The North Tower posted:

Any recs on the Gang of Four or Lin Bao?

Yeah, Mao's China and after covers both pretty solidly, as do most books that focus on the Cultural revolution. There are books out there that focus exclusively on one or the other but honestly I don't think you'd get much from the focus and would lose a lot of context that are given by the more general books. Neither Lin Bao nor Mao's wife and her cronies had much to do that separated them from Mao's orbit until he turned on them at the very end, so to understand what they were doing you really need to know what he and the rest of CPC power structure was up to at the same time. I suppose some histories of the PLA might have more to say on Lin.


The North Tower posted:


Anyone have any suggestions for anarchist works or decent history? I’m reading Conquest of Bread at present and would like to read a few more books on it to at least have a better understanding of its history and core works. I know that it’s a wide topic, so a framework would be really helpful.

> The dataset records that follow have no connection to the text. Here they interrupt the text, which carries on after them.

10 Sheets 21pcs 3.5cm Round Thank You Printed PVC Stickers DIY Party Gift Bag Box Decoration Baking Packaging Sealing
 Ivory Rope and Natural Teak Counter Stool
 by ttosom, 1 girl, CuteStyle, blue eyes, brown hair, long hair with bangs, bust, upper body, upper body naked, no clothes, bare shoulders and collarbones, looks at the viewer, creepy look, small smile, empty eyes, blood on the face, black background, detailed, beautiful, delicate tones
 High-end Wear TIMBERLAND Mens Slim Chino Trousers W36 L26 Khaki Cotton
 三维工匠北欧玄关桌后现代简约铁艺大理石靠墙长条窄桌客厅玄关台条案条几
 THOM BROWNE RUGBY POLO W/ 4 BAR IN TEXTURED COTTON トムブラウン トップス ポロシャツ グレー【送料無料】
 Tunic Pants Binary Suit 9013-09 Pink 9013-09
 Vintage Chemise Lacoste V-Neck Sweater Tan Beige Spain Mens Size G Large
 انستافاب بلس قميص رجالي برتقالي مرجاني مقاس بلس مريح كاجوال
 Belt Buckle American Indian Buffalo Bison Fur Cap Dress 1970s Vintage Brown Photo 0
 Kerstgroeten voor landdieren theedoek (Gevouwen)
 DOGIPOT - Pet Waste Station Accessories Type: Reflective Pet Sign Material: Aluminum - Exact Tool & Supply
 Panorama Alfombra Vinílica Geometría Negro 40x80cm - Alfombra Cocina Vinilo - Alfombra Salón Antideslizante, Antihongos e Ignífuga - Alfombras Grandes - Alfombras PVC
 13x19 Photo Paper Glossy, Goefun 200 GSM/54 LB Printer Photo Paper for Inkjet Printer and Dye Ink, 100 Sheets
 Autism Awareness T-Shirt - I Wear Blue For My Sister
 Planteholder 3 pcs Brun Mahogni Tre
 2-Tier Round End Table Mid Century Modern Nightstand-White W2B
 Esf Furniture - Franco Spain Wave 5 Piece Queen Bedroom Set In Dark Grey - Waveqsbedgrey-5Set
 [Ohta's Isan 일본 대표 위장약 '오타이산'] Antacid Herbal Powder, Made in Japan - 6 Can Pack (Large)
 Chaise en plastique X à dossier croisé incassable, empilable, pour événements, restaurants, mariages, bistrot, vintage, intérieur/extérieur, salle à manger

Daniel Guerin's No Gods No Masters anthology is a very good cross section introduction, Clifford Harper's Anarchy a graphic guide is also a solid and accessible intro that has beautiful woodcut illustrations. For Anarcho-syndicalism I recommend Fighting for Ourselves by the Solidarity Federation is a compact explanation and development of the history of revolutionary unionism and the current anarcho-syndicalist movement.